Galaxy Digital completed the initial closing of a tokenized Collateralized Loan Obligation (CLO) worth $75 million on the Avalanche blockchain. The deal was anchored by a $50 million allocation from Grove and finances an uncommitted credit facility for Arch Lending, marking a calibrated push to move institutional private credit on-chain.
Galaxy structured and tokenized the offering through its Lending and Digital Infrastructure teams, with Galaxy Asset Management overseeing the CLO. Proceeds are being used to progressively purchase outstanding loans originated under an Arch Lending facility; as additional loans are added, the CLO can scale up to a stated limit of $200 million. Key operational and market roles were split among several firms to preserve institutional standards.
Other critical participants include INX, which issued and tokenized the debt tranches on Avalanche and is expected to list the tokens on its ATS platform; Anchorage Digital Bank, acting as bond trustee, qualified custodian and collateral agent through its Atlas Settlement Network; NAV Consulting providing fund administration; and Accountable supplying real‑time verification of on‑chain and off‑chain assets.
Avalanche’s Snowman consensus and EVM compatibility served as the technical backbone for tokenization and on‑chain settlement.

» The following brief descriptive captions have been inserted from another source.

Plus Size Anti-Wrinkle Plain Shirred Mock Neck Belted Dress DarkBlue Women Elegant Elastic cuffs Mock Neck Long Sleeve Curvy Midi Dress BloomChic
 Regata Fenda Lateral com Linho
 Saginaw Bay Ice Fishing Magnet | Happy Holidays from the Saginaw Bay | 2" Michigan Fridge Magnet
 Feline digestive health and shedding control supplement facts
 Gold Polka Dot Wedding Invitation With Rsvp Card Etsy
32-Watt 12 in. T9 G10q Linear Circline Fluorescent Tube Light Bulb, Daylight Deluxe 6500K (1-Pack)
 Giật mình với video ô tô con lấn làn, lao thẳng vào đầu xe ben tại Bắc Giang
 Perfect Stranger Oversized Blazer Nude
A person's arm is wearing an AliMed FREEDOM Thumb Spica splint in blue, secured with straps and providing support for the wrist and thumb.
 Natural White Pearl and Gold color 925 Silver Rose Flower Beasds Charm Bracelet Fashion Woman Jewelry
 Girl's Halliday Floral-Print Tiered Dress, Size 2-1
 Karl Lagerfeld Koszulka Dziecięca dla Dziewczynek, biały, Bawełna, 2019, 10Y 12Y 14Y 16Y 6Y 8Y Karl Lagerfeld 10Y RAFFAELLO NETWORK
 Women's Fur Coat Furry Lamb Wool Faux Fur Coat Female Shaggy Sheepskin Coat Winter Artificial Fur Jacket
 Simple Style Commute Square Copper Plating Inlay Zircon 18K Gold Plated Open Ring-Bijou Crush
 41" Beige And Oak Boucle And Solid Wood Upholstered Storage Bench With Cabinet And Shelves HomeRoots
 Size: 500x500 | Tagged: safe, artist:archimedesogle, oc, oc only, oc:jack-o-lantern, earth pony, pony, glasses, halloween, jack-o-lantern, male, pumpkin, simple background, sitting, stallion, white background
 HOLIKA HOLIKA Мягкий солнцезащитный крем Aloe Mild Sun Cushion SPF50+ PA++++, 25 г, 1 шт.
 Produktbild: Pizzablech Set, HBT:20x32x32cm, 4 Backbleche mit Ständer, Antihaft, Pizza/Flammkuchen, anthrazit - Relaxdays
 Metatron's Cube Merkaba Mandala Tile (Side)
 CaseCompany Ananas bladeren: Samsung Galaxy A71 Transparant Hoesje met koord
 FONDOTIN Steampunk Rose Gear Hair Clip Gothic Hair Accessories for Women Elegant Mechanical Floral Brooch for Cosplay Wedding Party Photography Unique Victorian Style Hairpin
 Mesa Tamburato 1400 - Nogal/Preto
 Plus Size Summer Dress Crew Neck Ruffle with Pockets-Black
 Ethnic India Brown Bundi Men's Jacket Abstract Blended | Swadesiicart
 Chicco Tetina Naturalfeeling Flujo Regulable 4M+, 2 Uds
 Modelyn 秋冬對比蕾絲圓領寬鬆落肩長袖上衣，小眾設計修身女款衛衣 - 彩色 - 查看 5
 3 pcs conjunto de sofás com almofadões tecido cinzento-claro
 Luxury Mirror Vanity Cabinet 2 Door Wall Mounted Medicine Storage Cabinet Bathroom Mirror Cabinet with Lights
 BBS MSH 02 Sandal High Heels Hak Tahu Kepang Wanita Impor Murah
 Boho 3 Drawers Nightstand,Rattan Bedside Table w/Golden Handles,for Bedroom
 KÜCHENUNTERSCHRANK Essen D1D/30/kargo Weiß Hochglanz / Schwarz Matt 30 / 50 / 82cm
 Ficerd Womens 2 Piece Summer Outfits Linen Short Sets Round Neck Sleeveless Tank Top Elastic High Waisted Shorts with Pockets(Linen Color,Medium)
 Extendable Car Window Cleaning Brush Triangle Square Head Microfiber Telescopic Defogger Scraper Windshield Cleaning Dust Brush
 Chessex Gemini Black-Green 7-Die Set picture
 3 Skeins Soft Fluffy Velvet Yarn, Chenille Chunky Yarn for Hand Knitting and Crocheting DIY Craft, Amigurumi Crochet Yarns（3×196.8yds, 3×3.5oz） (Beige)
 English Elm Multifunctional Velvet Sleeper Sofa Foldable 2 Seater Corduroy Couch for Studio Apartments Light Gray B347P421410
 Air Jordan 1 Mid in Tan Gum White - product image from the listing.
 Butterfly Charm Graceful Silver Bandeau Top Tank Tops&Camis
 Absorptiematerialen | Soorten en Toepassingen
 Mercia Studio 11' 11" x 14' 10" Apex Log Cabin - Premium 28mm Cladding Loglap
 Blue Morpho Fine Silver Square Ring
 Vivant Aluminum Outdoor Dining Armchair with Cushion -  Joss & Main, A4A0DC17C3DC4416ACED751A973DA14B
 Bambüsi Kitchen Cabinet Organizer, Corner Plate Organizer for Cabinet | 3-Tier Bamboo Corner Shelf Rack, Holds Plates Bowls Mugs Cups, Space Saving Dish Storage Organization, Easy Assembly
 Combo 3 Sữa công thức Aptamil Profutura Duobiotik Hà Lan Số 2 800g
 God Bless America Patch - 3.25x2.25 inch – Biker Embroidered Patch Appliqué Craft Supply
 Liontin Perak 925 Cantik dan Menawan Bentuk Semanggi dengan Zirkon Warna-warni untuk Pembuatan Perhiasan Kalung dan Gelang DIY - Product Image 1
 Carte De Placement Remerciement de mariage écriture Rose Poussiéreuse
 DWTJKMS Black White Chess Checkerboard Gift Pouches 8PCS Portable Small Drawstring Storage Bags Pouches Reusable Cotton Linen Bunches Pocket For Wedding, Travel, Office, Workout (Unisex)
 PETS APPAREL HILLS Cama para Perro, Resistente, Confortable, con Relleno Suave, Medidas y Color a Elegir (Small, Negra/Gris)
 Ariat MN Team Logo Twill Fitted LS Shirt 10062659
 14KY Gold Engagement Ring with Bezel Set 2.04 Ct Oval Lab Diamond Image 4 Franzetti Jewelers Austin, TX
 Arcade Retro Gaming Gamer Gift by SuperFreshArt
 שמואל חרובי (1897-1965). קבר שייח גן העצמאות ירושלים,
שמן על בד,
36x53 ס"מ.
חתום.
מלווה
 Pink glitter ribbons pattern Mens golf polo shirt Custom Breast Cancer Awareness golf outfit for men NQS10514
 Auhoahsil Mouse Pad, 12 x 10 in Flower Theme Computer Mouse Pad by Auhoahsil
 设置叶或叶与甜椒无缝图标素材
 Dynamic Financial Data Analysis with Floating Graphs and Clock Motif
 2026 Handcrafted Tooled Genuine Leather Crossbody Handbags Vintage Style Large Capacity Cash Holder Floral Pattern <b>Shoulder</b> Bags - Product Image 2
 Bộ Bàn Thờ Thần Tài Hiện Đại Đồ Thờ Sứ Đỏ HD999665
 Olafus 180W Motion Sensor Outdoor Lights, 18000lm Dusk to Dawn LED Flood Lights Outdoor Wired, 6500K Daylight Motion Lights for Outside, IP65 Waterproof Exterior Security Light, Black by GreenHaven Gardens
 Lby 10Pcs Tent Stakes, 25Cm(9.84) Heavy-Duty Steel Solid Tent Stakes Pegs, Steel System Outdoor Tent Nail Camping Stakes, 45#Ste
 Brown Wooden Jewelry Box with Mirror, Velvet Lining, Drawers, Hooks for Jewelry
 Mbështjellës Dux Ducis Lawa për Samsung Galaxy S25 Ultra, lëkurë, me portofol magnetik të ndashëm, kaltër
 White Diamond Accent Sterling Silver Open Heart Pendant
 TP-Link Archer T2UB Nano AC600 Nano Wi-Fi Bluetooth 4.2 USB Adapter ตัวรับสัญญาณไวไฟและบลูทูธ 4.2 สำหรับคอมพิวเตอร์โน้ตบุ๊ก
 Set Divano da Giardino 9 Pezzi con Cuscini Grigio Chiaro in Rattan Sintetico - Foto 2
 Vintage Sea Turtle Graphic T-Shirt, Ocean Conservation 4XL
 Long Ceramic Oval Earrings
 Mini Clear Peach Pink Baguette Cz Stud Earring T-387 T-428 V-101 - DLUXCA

The benefits and limitations of Galaxy’s CLO
The transaction illustrates several value propositions for institutional credit on-chain: smart contracts automate reporting and cash‑flow logic, reducing operational frictions and shortening settlement cycles; continuous data feeds and an interactive dashboard from Accountable increase visibility into loan performance; and tokenized tranches, with planned listing on a regulated ATS, aim to improve secondary‑market access for qualified investors.
At the same time, the structure relies on overcollateralized consumer loans backed by Bitcoin and Ethereum, which introduces a layer of market risk tied to crypto volatility. Structural and operational risks remain: evolving regulation could change compliance requirements, smart contract vulnerabilities persist, and actual secondary liquidity will depend on market adoption of tokenized credit instruments.
Galaxy’s approach seeks to keep institutional guardrails intact while testing whether tokenization can lower costs and broaden access. The deal positions public blockchain infrastructure as an efficiency layer rather than a replacement for established trustees, custodians and regulated trading venues.
Investors are now turning their attention to the planned listing of the tokenized tranches on INX’s ATS and to whether Arch Lending’s origination pipeline will allow the CLO to scale toward the $200 million ceiling. The CLO’s December 2026 maturity will serve as a significant test of the model’s performance and the market’s appetite for institutional, on‑chain credit exposure.